How could one implement multiplication in finite fields?

Question

If F := GF(p^n) is the finite field with p^n elements, where p is a prime number and n a natural number, is there any efficient algorithm to work out the product of two elements in F?

Here are my thoughts so far:

I know that the standard construction of F is to take an irreducible polynomial f of degree n in GF(p) and then view elements of F as polynomials in the quotient GF(p)[X]/(f), and I have a feeling that this is probably already the right approach since polynomial multiplication and addition should be easy to implement, but I somehow fail to see how this can be actually done. For example, how would one choose an appropriate f, and how can I get the equivalence class of an arbitrary polynomial?

Answer 1

First pick an irreducible polynomial of degree n over GF[p]. Just generate random ones, a random polynomial is irreducible with probability ~1/n.
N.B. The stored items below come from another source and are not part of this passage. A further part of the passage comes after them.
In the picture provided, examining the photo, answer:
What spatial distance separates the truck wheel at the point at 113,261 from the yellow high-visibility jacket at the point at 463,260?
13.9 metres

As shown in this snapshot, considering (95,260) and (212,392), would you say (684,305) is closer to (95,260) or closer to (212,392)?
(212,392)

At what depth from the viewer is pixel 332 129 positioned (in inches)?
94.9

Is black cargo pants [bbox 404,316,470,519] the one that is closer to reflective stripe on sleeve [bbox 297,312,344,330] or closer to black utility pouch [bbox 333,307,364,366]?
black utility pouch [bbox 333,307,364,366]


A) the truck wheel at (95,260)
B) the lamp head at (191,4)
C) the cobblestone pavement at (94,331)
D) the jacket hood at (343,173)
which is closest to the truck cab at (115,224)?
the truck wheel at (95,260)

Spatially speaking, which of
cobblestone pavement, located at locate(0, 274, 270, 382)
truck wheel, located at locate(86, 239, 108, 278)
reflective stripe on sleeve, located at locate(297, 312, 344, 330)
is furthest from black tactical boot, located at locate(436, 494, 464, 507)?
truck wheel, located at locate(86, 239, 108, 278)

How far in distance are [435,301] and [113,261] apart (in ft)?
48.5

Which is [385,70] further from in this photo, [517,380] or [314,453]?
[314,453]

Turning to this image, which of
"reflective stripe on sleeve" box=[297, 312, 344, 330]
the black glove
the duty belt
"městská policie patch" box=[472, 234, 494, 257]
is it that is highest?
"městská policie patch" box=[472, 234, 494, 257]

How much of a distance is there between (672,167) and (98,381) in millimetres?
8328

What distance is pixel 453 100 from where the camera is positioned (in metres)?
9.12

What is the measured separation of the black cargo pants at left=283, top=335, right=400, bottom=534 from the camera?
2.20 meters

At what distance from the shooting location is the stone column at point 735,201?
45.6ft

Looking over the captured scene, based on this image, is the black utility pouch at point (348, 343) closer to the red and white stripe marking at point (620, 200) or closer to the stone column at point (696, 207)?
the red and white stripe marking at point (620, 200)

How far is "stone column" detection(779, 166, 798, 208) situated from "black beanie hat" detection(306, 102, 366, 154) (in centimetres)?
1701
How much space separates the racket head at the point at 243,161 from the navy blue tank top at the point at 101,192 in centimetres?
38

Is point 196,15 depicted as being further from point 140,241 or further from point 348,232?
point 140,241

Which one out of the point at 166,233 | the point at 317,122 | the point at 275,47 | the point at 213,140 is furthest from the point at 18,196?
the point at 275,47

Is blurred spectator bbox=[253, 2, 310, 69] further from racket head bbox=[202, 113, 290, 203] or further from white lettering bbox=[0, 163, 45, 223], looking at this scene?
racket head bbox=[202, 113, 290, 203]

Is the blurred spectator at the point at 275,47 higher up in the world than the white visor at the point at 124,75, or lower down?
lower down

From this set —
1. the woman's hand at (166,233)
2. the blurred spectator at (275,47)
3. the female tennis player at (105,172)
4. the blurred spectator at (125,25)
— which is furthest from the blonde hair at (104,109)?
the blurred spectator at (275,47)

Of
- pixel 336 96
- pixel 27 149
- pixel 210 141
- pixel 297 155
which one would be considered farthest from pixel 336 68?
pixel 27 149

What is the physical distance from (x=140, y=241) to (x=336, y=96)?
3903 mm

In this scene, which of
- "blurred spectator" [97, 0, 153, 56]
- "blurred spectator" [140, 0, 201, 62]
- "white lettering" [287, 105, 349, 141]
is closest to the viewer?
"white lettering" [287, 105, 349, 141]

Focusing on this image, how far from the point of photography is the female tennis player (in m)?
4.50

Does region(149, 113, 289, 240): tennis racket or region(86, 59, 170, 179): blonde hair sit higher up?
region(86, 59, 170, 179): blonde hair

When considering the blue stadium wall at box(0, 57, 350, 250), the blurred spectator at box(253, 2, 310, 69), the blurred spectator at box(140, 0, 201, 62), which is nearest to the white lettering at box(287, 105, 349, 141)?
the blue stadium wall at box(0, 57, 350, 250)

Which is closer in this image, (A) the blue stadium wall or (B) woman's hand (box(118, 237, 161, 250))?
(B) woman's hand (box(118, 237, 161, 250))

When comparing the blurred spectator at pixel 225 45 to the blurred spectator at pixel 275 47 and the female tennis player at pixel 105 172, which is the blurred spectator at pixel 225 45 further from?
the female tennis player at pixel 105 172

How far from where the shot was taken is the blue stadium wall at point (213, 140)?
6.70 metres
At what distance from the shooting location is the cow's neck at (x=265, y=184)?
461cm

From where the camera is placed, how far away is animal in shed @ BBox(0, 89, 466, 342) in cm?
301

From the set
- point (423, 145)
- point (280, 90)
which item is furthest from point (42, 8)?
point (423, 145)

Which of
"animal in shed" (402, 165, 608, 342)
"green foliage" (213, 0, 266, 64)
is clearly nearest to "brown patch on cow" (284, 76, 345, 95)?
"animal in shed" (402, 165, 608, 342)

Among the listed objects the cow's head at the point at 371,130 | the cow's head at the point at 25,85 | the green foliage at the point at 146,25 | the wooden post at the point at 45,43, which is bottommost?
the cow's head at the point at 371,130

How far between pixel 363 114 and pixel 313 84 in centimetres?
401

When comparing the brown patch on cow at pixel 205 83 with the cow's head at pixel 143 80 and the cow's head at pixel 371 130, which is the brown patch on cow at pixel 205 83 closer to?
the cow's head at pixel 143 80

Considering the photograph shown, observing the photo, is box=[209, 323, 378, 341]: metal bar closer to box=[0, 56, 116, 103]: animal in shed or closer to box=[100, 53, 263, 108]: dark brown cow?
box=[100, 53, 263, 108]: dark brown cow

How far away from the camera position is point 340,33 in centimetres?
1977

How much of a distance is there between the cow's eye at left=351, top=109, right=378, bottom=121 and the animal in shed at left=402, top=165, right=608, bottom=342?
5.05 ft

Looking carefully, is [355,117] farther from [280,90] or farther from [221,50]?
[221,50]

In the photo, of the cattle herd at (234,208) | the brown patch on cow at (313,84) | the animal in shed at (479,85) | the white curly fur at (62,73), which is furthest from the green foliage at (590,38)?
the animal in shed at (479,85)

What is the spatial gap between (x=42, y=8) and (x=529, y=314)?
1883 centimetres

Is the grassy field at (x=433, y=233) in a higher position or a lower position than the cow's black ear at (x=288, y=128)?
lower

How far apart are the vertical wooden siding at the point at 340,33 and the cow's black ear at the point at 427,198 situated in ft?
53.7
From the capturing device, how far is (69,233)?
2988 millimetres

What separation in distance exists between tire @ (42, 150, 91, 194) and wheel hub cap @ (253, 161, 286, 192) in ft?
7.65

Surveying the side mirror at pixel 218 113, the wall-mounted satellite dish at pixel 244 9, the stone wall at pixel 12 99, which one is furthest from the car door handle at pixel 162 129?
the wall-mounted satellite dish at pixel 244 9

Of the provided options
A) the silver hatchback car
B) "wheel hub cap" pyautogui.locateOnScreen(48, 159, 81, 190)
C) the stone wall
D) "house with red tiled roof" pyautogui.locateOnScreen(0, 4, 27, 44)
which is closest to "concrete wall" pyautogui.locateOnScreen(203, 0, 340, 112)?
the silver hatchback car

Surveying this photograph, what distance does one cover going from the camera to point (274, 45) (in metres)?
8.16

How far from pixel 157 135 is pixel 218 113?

To test your random polynomials, you'll need some code to factor polynomials over GF[p], see the wikipedia page for some algorithms.
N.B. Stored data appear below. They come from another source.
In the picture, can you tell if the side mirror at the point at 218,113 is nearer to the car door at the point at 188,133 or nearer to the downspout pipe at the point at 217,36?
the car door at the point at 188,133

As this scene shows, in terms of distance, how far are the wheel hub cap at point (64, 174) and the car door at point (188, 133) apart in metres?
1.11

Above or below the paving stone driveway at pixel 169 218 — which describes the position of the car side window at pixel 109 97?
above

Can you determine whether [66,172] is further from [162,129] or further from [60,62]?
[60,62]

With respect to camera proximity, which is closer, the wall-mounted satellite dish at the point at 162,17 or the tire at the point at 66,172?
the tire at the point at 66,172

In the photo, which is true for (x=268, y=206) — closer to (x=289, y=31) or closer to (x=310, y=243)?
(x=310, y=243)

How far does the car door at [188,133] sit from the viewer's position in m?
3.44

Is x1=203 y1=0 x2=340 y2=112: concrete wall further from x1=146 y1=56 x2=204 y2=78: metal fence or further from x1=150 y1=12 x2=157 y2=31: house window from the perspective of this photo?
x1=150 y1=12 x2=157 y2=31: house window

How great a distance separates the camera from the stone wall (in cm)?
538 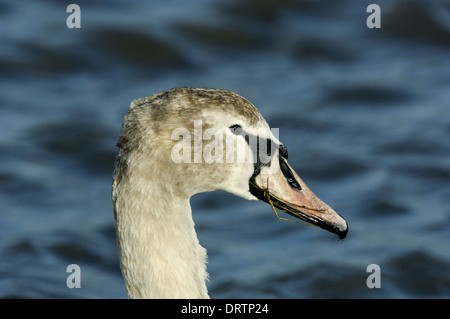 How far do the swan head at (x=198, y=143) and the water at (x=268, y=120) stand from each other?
2814 mm

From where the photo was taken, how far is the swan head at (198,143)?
505cm

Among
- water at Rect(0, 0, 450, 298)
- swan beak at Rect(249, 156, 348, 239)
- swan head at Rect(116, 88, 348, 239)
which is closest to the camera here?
swan head at Rect(116, 88, 348, 239)

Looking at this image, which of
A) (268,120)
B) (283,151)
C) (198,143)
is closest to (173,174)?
(198,143)

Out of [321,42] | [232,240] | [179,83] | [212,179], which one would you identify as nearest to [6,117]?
[179,83]

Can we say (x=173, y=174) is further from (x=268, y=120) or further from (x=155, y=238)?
(x=268, y=120)

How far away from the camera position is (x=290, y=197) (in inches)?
210

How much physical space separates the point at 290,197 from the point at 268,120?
4983 millimetres

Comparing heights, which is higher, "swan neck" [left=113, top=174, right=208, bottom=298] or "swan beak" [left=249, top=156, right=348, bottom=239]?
"swan beak" [left=249, top=156, right=348, bottom=239]

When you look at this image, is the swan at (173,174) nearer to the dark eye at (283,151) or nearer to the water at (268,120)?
the dark eye at (283,151)

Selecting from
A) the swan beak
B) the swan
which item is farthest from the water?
the swan

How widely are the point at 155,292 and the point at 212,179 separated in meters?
0.66

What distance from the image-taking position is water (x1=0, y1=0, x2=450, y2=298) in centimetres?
832

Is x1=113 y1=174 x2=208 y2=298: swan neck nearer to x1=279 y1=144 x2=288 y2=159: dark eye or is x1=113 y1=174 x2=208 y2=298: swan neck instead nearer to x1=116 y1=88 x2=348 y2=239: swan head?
x1=116 y1=88 x2=348 y2=239: swan head

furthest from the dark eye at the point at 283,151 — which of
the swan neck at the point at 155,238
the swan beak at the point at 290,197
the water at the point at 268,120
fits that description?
the water at the point at 268,120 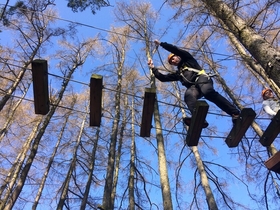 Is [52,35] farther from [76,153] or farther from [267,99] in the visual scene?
[267,99]

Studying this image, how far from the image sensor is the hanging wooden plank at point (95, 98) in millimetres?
2627

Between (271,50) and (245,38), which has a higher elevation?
(245,38)

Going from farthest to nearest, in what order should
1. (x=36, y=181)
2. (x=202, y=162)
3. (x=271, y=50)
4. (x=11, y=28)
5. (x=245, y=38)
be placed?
1. (x=36, y=181)
2. (x=11, y=28)
3. (x=202, y=162)
4. (x=245, y=38)
5. (x=271, y=50)

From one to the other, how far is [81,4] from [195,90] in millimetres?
4147

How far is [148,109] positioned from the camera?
2854 mm

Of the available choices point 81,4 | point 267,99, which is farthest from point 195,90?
point 81,4

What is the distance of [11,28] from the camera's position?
27.4ft

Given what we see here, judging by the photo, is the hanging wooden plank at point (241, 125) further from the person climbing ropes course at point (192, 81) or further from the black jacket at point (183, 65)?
the black jacket at point (183, 65)

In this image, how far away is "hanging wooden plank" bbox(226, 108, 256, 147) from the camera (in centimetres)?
263

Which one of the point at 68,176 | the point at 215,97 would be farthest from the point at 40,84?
the point at 68,176

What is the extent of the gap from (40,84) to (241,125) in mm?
2112

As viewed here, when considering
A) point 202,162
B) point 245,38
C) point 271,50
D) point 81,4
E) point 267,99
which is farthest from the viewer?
point 202,162

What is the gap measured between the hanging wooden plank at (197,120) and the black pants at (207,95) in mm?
212

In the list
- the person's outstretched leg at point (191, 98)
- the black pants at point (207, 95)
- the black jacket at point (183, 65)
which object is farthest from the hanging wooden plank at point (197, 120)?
the black jacket at point (183, 65) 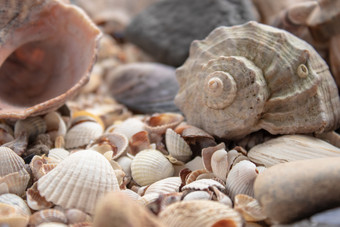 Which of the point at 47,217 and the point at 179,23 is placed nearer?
the point at 47,217

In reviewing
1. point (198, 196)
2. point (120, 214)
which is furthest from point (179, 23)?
point (120, 214)

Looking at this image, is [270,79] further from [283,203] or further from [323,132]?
[283,203]

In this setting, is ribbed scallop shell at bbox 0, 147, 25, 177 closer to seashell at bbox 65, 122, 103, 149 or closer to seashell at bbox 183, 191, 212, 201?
seashell at bbox 65, 122, 103, 149

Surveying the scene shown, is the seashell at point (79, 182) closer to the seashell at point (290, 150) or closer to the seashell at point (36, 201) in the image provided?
the seashell at point (36, 201)

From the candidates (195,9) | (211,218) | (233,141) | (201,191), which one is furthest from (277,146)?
(195,9)

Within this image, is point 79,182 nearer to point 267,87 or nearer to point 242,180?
point 242,180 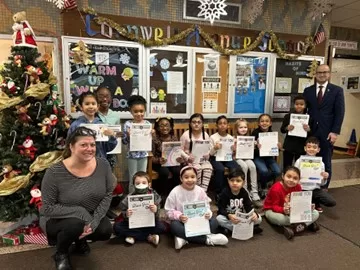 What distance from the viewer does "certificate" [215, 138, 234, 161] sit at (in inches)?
127

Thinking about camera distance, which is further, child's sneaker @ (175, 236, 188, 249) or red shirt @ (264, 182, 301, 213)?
red shirt @ (264, 182, 301, 213)

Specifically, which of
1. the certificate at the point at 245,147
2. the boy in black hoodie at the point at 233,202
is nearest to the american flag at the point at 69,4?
the certificate at the point at 245,147

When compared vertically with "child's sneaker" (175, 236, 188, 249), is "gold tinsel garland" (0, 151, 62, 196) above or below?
above

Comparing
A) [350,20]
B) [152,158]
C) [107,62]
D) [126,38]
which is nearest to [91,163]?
[152,158]

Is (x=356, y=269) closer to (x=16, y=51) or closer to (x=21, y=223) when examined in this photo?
(x=21, y=223)

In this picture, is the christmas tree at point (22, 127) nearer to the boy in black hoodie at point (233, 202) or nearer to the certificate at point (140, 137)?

Then your elements in GF[p^n] are just n-degree polynomials over GF[p]. Just do normal polynomial arithmetic and make sure to compute the remainder modulo your irreducible polynomial.

It's pretty easy to code up simple versions of this scheme. You can get arbitrarily complicated in how you implement, say, the modulo operation. See modular exponentiation, Montgomery multiplication, and multiplication using FFT.

Answer 2

Whether there is an efficient algorithm to multiply elements in GF(p^n) depends on how you are representing the elements of GF(p^n).
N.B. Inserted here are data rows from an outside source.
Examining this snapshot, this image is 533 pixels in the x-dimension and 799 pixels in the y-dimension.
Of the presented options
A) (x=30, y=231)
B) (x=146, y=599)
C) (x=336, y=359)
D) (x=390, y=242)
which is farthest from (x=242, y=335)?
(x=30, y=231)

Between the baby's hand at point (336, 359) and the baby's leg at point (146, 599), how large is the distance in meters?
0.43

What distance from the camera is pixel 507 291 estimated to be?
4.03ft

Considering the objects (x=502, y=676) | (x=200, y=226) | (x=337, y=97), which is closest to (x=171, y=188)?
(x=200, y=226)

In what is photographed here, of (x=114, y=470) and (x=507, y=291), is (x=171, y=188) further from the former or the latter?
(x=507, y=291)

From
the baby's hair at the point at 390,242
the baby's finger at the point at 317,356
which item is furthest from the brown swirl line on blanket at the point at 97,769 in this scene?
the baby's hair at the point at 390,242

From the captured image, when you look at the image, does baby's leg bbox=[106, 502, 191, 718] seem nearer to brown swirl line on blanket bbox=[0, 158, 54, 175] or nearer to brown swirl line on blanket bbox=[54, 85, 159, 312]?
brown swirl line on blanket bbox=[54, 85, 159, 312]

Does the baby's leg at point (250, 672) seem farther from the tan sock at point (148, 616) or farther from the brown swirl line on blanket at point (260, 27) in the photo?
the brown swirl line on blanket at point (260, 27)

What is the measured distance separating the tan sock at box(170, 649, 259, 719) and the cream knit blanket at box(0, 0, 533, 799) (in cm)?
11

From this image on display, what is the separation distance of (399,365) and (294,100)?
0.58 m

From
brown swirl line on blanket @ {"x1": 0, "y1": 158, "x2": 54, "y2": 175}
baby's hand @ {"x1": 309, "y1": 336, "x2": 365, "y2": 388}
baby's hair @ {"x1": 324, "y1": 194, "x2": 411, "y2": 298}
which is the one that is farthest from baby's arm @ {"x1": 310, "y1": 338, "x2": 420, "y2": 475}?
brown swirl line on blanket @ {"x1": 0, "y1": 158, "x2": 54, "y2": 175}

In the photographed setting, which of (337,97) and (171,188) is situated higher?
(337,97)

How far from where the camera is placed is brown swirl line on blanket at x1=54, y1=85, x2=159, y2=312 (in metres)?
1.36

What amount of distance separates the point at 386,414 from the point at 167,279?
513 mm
As you say, one way is indeed to work in GF(p)(X)/(f). Addition and multiplication is relatively straightforward here. However, determining a suitable irreducible polynomial f is not easy - as far as I know there isn't an efficient algorithm for calculating a suitable f.

Another way is to use what are called Zech's logarithms. Magma uses pre-computed tables of them for working with small finite fields. It is possible that GAP does too, although its documentation is less clear.

Computing with mathematical structures is often quite tricky. You're certainly not missing anything obvious here.

Answer 3

It depends on your needs and on your field.

When you multiply you have to pick a generator of F^x. When you are adding you have to use the fact that F is a vector space over some smaller F_p^m. In practice what you do a lot of time is some mixed approach. E.g. if you are working over F₂₅₆, take a generator X of F₂₅₆^x, and let G be it's minimal polynomial over F₁₆. You now have

(sum_{i smaller then 16} a_i Xⁱ)(sum_{j smaller then 16} b_j X^j)= sum_k sum_{i+j = k} a_i b_j X^i+j

All you have to do to make multiplication efficient, is store a multipication table of F₁₆, and (using G) construct X^m in terms of lower powers of X and elements in F₁₆

Finanly, in the rare case where pⁿ = 2²ⁿ, you get Conways field of nimbers (look in Conways "winning ways", or in Knuth's volume 4A section 7.1.3), for which there are very efficient algorithms.

Answer 4

Galois Field Arithmetic Library (C++, mod 2, doesn't look like it supports other prime elements)

LinBox (C++)

MPFQ (C++)

I have no personal experience w/ these, however (have made my own primitive C++ classes for Galois fields of degree 31 or less, nothing too exotic or worth copying). Like one of the commenters mentioned, you might check mathoverflow.net -- just ask nicely and make sure you've done your homework first. Someone there ought to know what kinds of mathematical software is suitable for manipulation of finite fields, and it's close enough to mathoverflow's area of interest that a well-stated question should not get closed down.